(About this exercise) Lines before the one containing "Image of Verdusa" are not copied; that line and every one after it, through the end of the material below, are printed exactly, without pictures.

(Stored data)
Start of Block
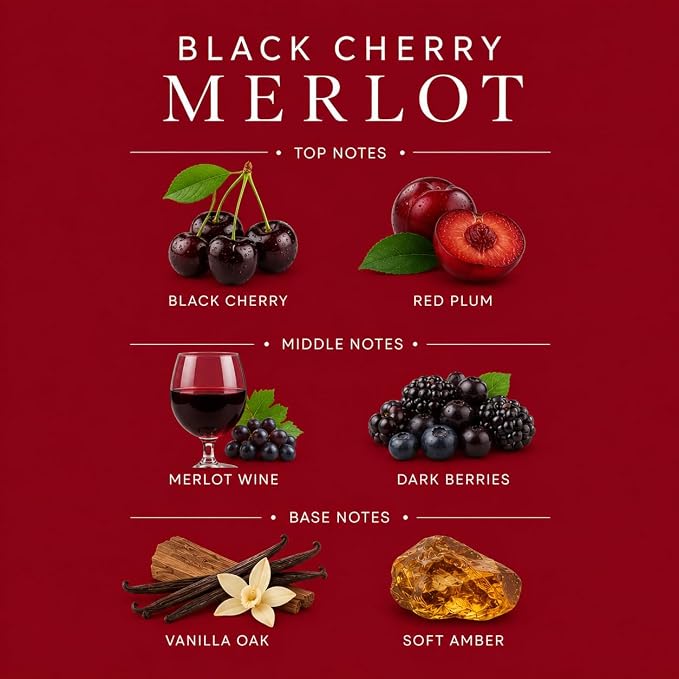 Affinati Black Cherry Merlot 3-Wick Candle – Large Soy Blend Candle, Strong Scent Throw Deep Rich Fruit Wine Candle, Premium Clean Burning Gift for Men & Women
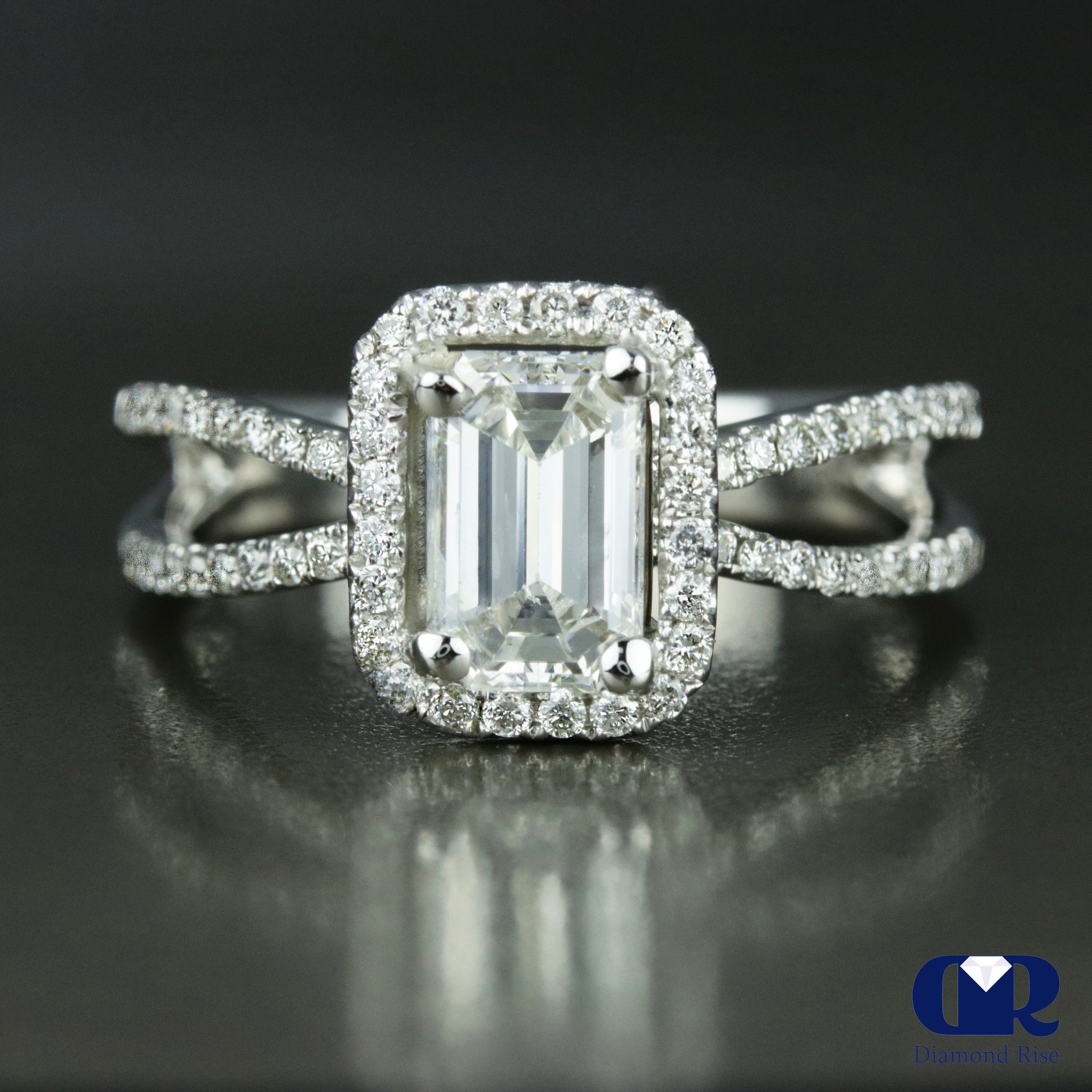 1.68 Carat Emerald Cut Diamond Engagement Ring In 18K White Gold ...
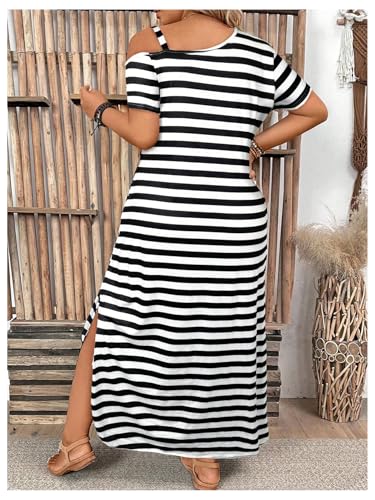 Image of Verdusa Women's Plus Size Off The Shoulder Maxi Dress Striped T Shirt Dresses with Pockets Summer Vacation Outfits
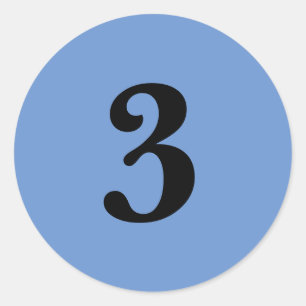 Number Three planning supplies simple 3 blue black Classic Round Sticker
End of Block
(Your solution)
 Image of Verdusa Women's Plus Size Off The Shoulder Maxi Dress Striped T Shirt Dresses with Pockets Summer Vacation Outfits
 Number Three planning supplies simple 3 blue black Classic Round Sticker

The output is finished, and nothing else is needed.